A New Model Ad Agency

Let me start by saying this type of agency isn’t a brand new idea. However, aiming to work with start-ups for equity plus fees is a decent 2018 idea for a new agency.

A key point for my readers is that the agency is highly specialized. Wexley worked with a range of clients. Paper Crane Factory is dedicated to a much narrower category. It is a hell of a lot easier to be distinctive when you are specialized that a generalist.

Harley Davidson And President Trump And Advertising $

I never get into politics here. However, it is becoming clear to me (and, I hope you) that Donald Trump does not actually understand big business.
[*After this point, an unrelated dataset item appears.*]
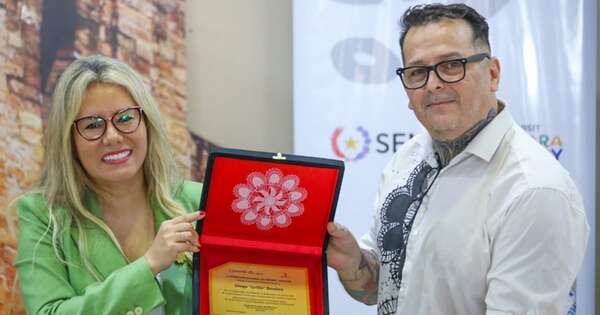 La Nación / El food art moderno llega a las estampillas nacionales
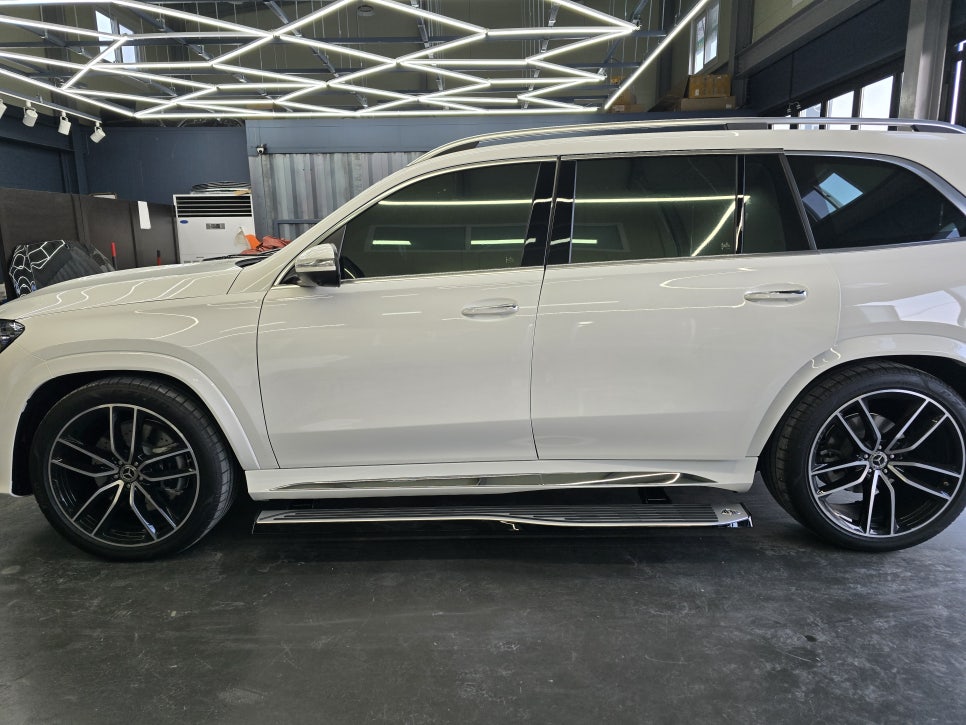 벤츠 gls580 - 마이바흐st 전동스텝 " 사이드스커트 동일 색상 도장으로 일체감있게 "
The news that America’s great brand Harley Davidson is moving manufacturing and jobs to Europe and, a few months ago Thailand, is a direct result of two #MAGA policies that clearly do not get how large-scale manufacturing works. Or, how a public company should work for its shareholders. As in, grow sales and profitability. (See below.)

Europe’s tit-for-tat motorcycle tariffs are obviously a result of the #MAGA trade tariffs (and an interesting aim at Wisconsin) and the move to Thailand is a direct result of America’s withdrawal from the Trans-Pacific Partnership (TPP.)
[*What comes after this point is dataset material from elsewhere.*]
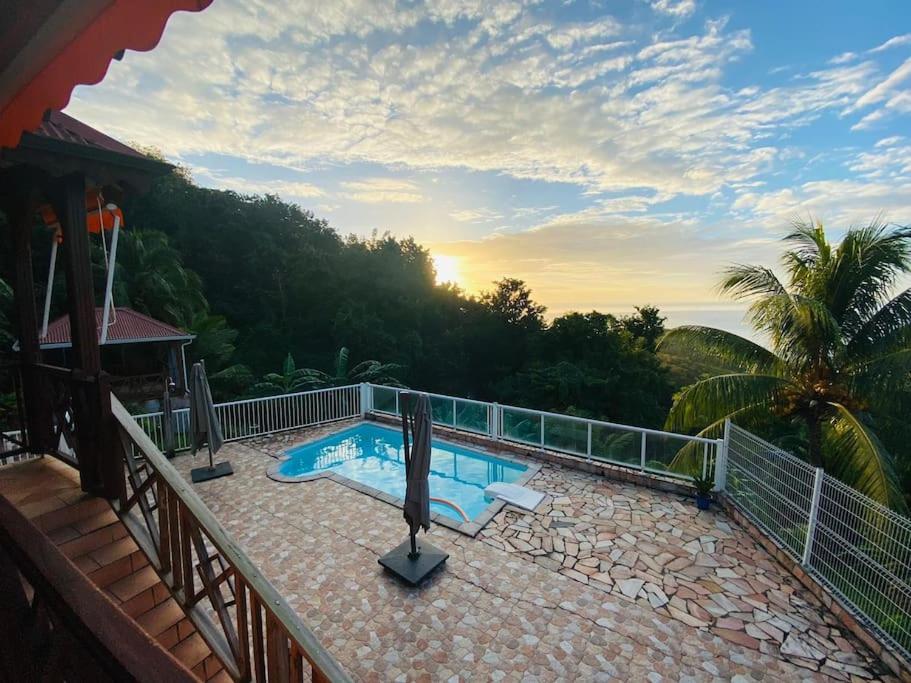 - une piscine sur le balcon d'une maison dans l'établissement Villa au soleil couchant avec vue mer piscine sel, à Bouillante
Why does this matter? More of this type of movement of USA dollars to foreign countries is, I think going to accelerate. This move will result negatively on large brand USA advertising.
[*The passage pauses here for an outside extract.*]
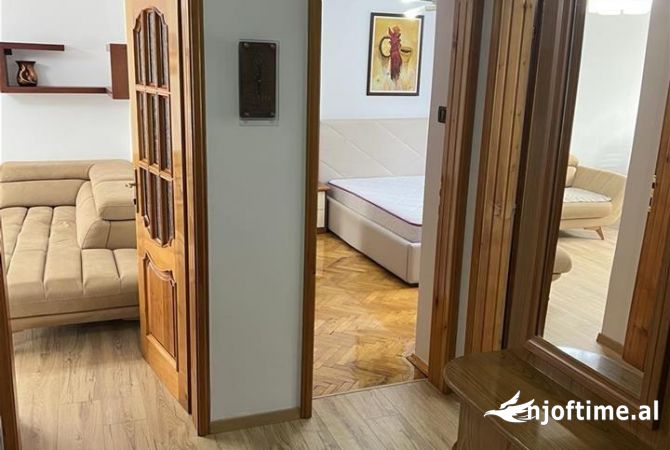 Shtepi me qera Apartament ne Tirane, 2+1, Mobilimi E mobiluar, Pagesa 70,000  Leke.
According to S&P, 43% of Fortune 500 sales happen overseas. If, as in Harley Davidson, your USA sales were in decline while sales in Europe and Asia were growing, where would you put your ad dollars?


Harley Davidson would have to raise the price of each motorcycle it ships to the EU by $2,200 if production doesn’t leave the U.S.

That’s a dealbreaker, considering Europe is Harley’s second-biggest market (driving 15% of its revenue).

My Advertising Agency Blog Post Archive

600+ Advertising Agency Blog Posts…

I’ve been thinking about publishing my ‘best’, most ‘informative’ advertising agency new business blog posts in a book. Frankly, the task seems daunting as I have been writing since 2012. I’m working through this opportunity/issue. In the meantime, I’ve found Simple Yearly Archive, a great WP plugin that lists all of my posts on one page. So, here you go. I hope that this admittedly kinda cumbersome list will help you find what you are looking for. Or, even better, you might find that pearl by accident.

Just for the hell of it, here are some bulk numbers:

Total number of blog post views (as of 20/6/2018): 347,576

Best day: 2,158 (it was the day that I published “The Worst Advertising Agency Pitch – Ever”

Average per day: 200

OK, here you go – 600+ advertising agency blog posts (I think that many of these will actually help you grow your agency and make more money and will help you sell the company someday). FYI: you will notice that many of the earliest posts relate to a very early book… Boomercide: From Woodstock To Suicide. This was my first book, my training wheels book.


What’s After Advertising?

After Advertising

I am often asked by advertising agency people… what do people do after they leave advertising (or at least, a stay-put advertising job)? Well, to be more specific, what have I done after advertising as in, since I sold my Portland agency six years ago?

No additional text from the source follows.